### Free-text object descriptions
····················

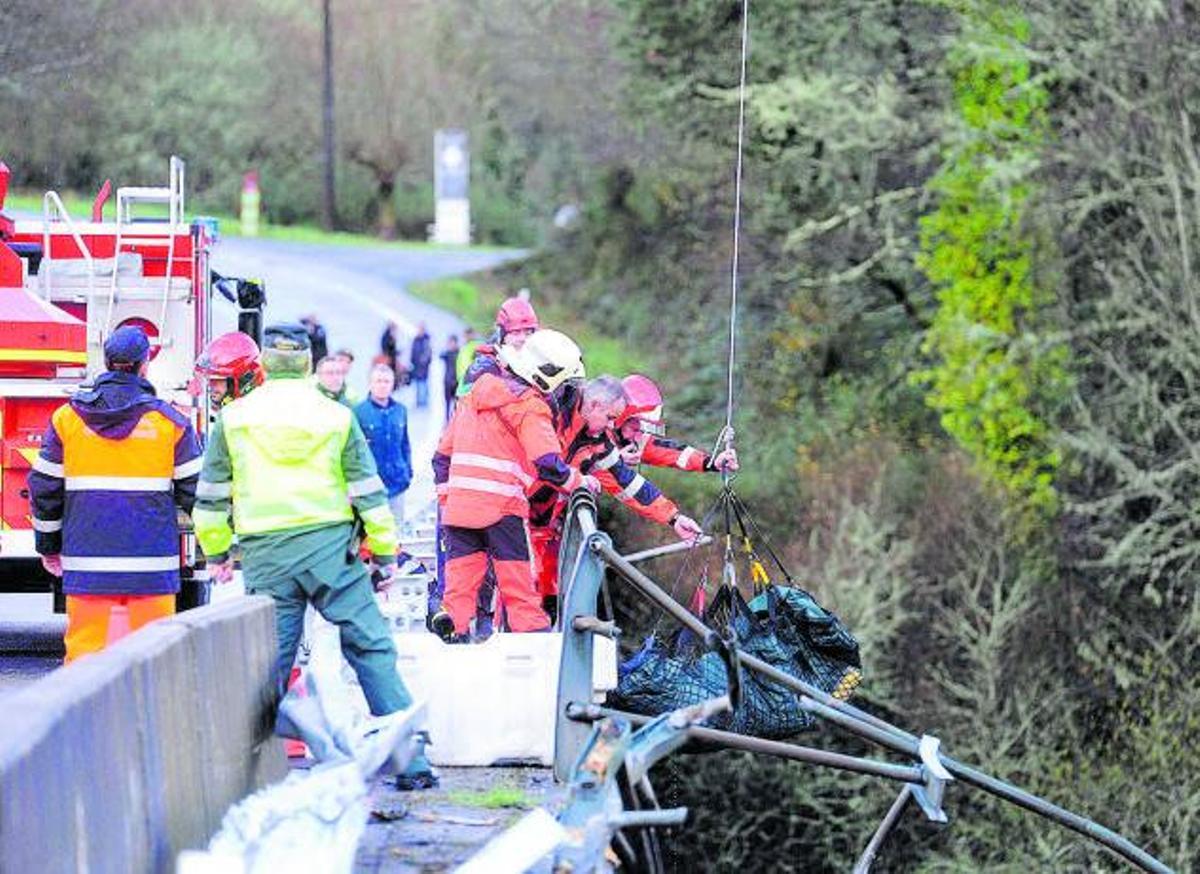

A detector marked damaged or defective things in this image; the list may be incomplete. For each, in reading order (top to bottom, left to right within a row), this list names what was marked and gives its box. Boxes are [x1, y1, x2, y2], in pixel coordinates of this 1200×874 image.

bent metal rail [549, 492, 1171, 874]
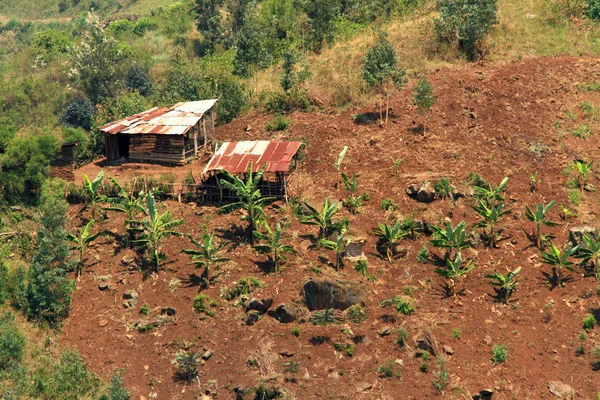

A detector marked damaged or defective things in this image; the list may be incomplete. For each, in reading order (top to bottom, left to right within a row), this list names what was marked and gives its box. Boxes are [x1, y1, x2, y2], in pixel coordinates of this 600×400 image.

rusty metal roof [98, 99, 218, 136]
rusty metal roof [203, 141, 304, 175]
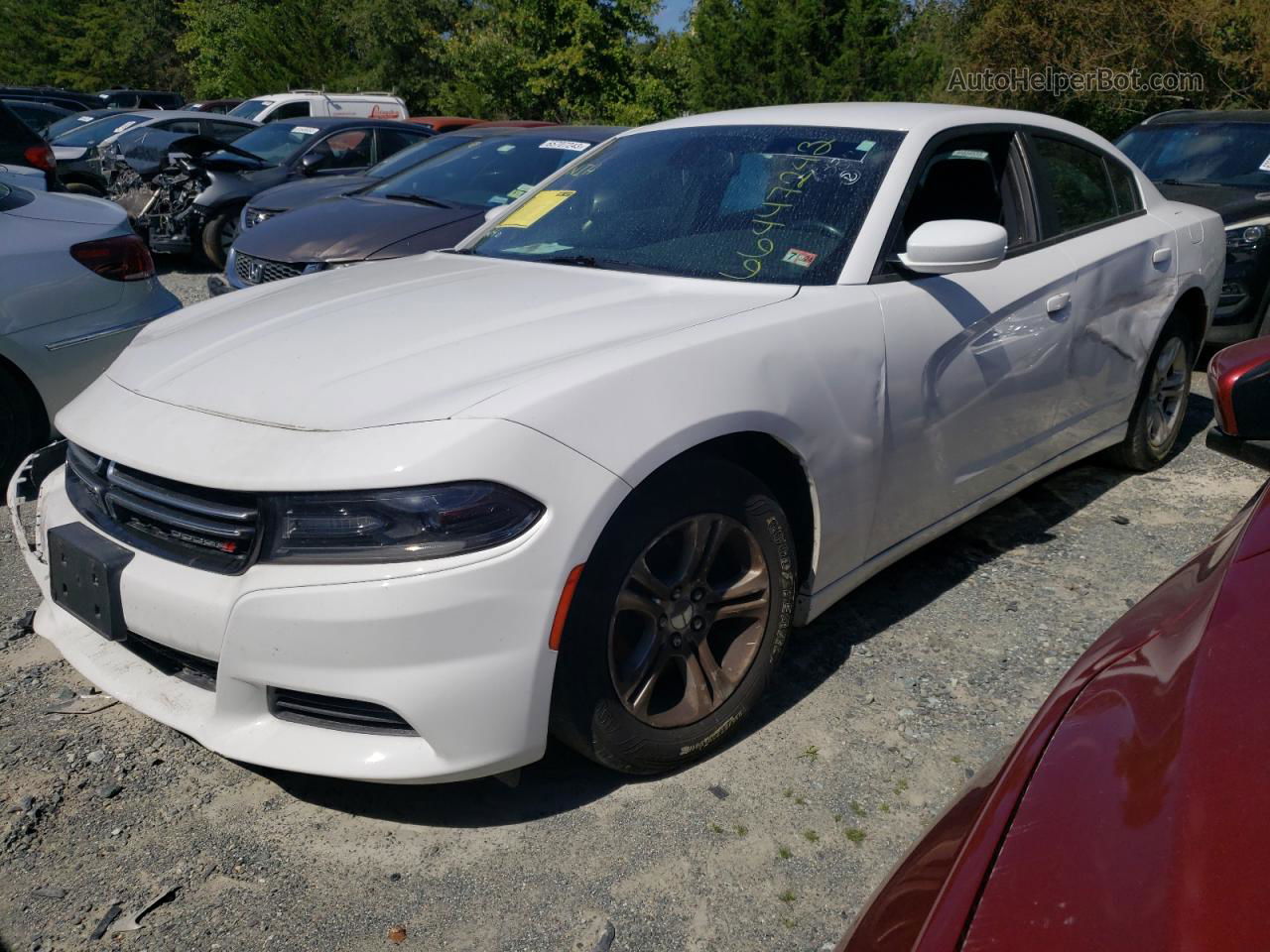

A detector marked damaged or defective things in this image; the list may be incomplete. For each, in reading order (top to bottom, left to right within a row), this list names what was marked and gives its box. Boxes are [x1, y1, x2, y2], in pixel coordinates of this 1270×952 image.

damaged vehicle [103, 115, 427, 266]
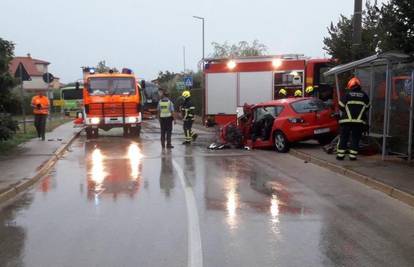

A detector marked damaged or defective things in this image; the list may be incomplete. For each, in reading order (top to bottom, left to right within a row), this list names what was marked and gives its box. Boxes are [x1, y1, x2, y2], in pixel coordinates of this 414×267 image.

red wrecked car [213, 98, 340, 153]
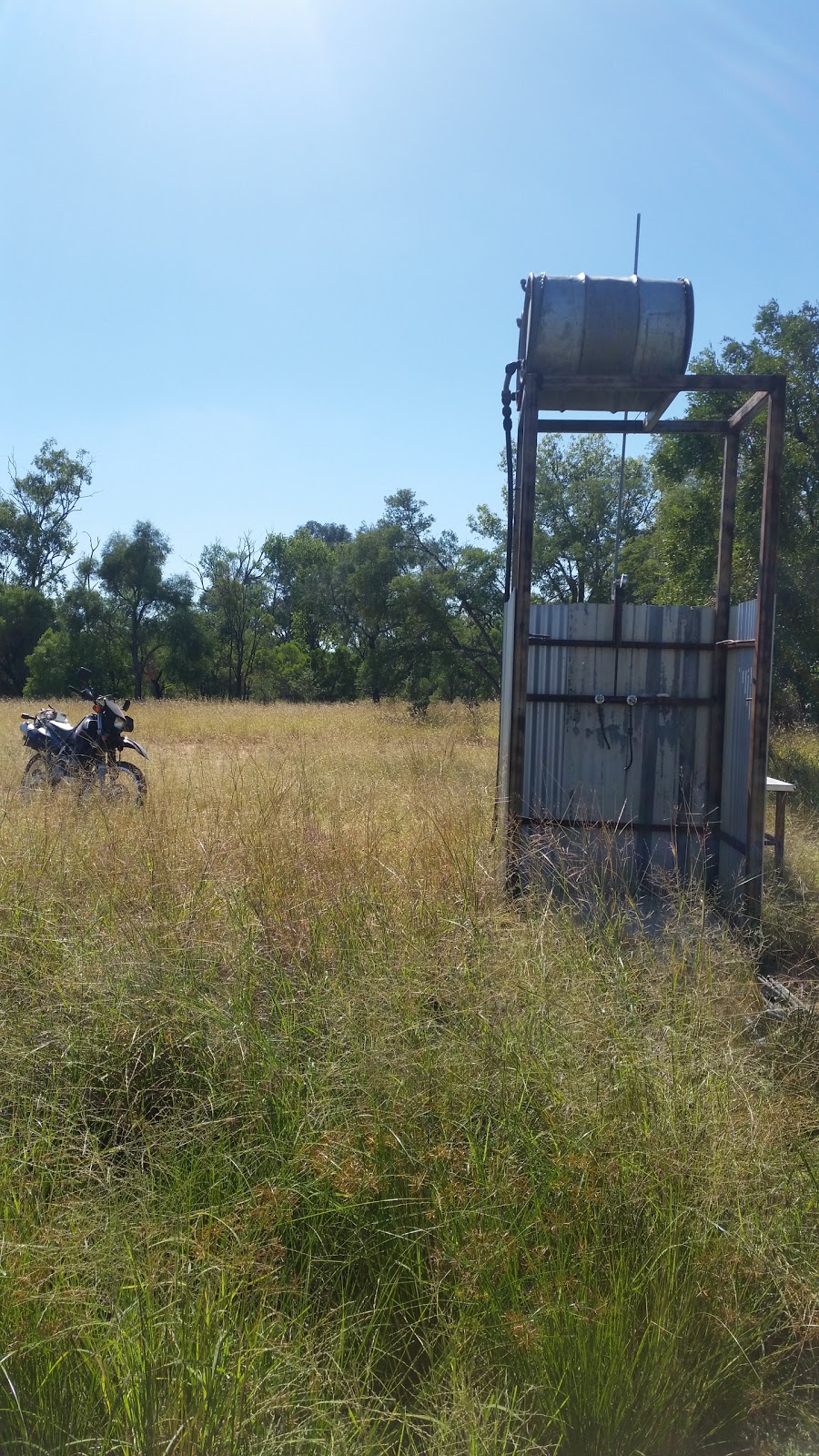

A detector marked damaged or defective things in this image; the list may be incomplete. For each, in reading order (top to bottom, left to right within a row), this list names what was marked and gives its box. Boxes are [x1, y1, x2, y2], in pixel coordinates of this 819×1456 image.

rusted barrel [515, 273, 687, 413]
rusty steel frame [500, 369, 786, 914]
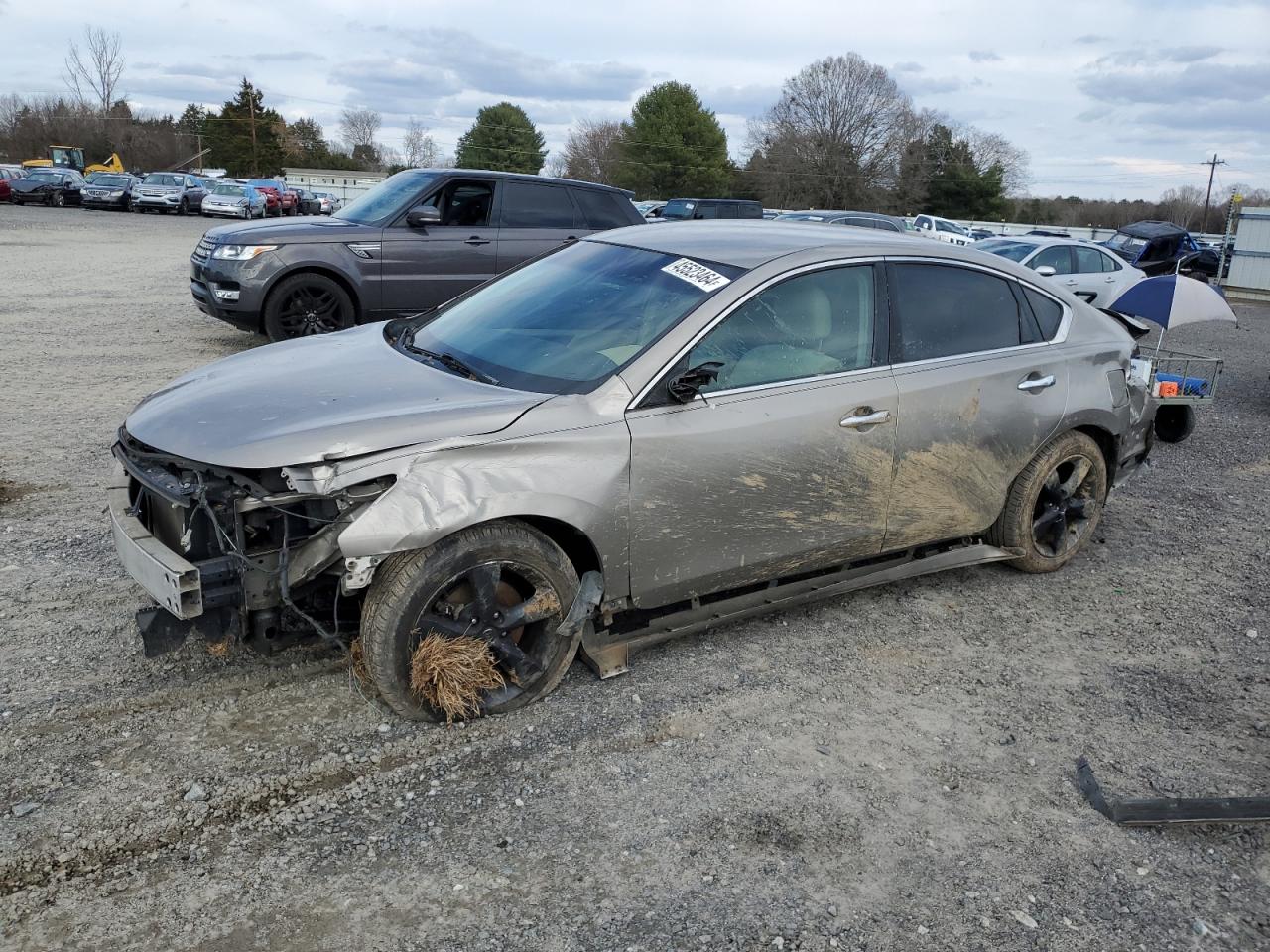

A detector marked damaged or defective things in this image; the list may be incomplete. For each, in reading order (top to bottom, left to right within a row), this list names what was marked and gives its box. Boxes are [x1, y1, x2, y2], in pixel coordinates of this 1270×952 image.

crushed front end [108, 430, 387, 654]
damaged silver sedan [109, 219, 1159, 718]
damaged side skirt [1072, 758, 1270, 825]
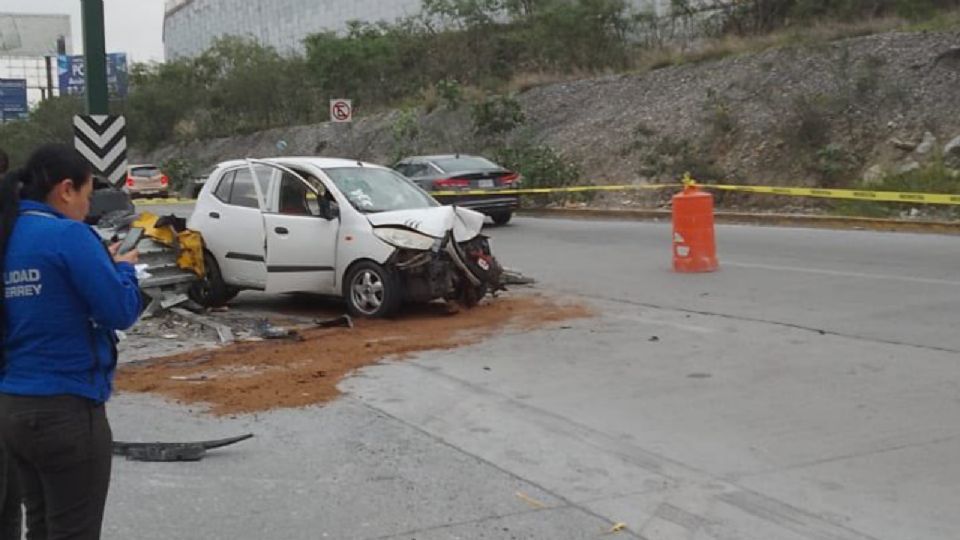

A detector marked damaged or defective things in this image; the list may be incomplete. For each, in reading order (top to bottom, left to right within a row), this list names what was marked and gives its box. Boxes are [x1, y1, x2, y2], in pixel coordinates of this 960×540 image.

wrecked white car [186, 156, 502, 316]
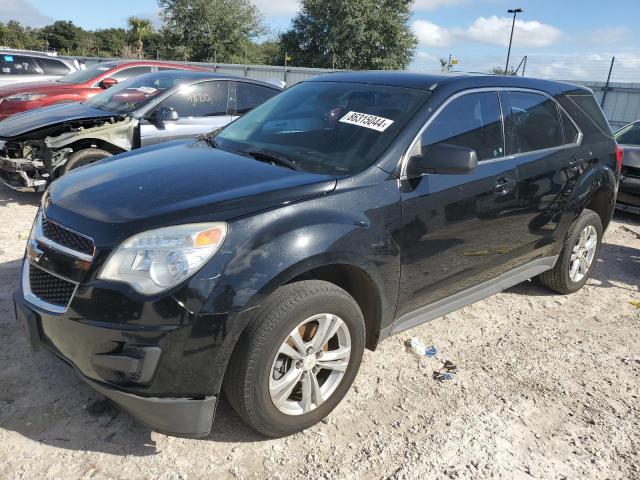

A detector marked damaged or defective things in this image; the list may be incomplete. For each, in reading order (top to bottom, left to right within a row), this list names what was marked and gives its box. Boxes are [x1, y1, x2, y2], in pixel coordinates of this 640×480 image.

car with crushed front end [0, 60, 208, 121]
damaged car [0, 71, 280, 191]
car with crushed front end [0, 71, 280, 191]
car with crushed front end [616, 119, 640, 212]
car with crushed front end [13, 72, 620, 438]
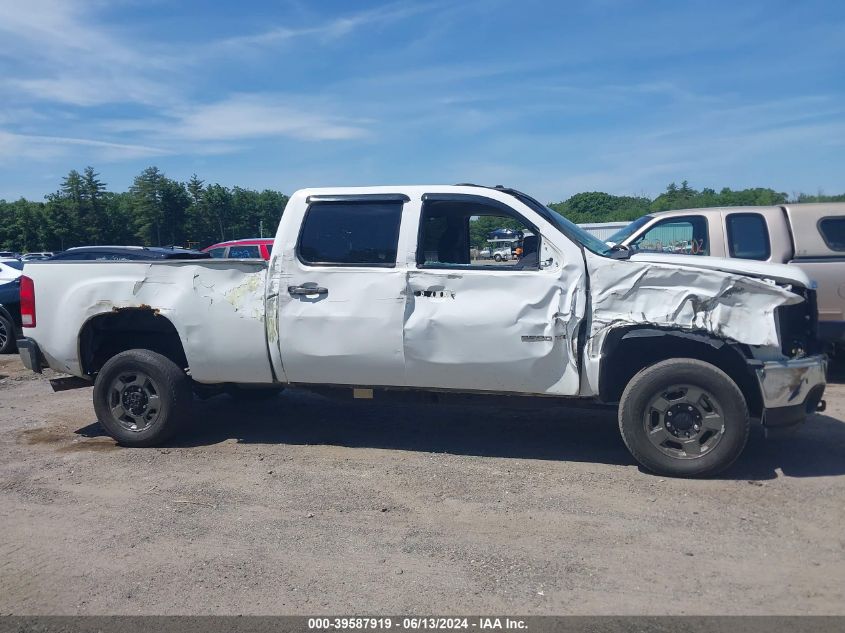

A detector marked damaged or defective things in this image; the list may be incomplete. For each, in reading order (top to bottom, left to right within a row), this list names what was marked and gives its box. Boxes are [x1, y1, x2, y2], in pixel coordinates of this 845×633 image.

damaged truck door [16, 183, 828, 474]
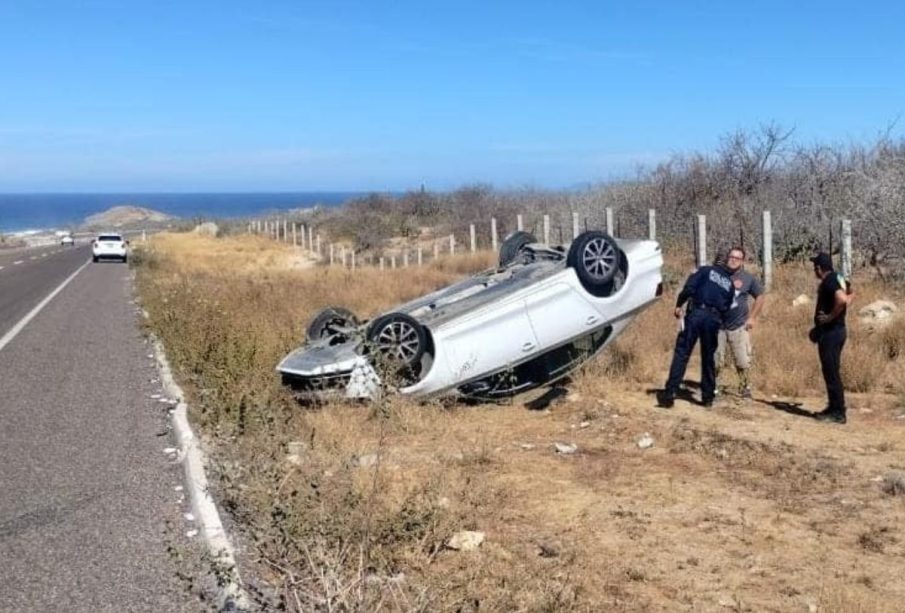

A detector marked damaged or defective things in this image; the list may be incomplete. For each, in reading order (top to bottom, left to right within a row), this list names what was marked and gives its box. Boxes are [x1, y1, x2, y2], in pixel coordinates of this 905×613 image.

overturned white car [278, 231, 664, 402]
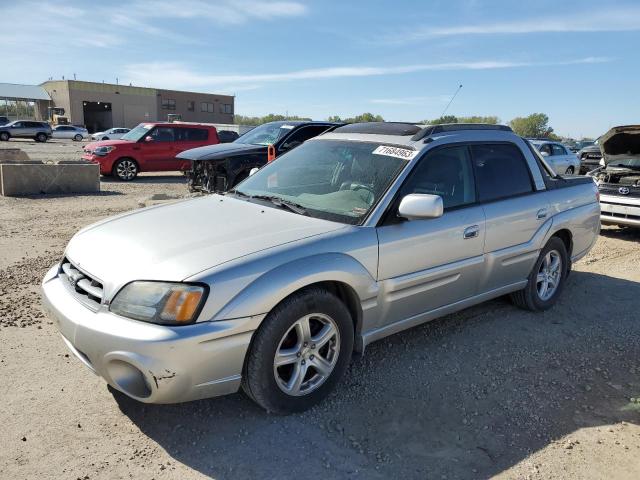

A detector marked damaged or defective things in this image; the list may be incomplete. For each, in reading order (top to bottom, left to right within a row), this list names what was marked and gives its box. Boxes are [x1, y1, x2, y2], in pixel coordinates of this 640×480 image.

damaged vehicle [180, 120, 340, 193]
damaged vehicle [592, 124, 640, 228]
damaged vehicle [40, 123, 600, 412]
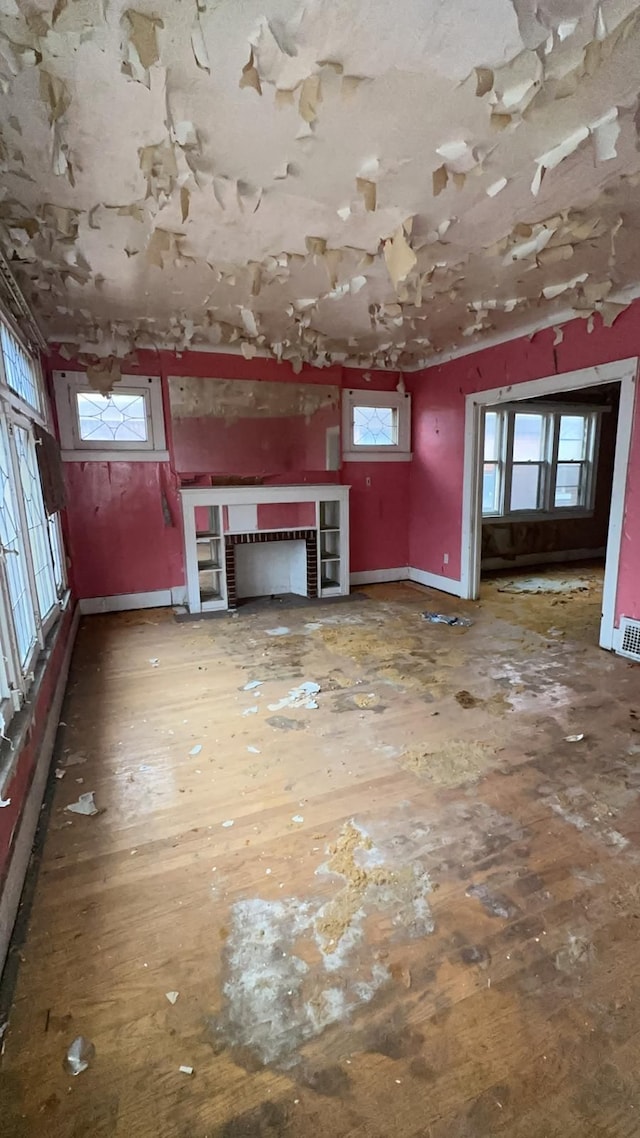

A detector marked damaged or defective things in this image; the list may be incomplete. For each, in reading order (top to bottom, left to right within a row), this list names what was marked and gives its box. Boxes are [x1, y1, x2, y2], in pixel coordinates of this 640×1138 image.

peeling ceiling paint [1, 0, 640, 366]
water damaged ceiling [1, 0, 640, 368]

····················

### Exercise
Copy, exactly as written, the lines above, beginning with the one that contains "this 640×1138 image." and ending with the last.

### Task output
A detector marked damaged or defective things in this image; the list may be incomplete. For each, in reading order (top to bottom, left to right within a row), this list names what was marked and gives its box. Boxes are [x1, y1, x2, y2], in pixel coordinates of this 640×1138 image.

peeling ceiling paint [1, 0, 640, 366]
water damaged ceiling [1, 0, 640, 368]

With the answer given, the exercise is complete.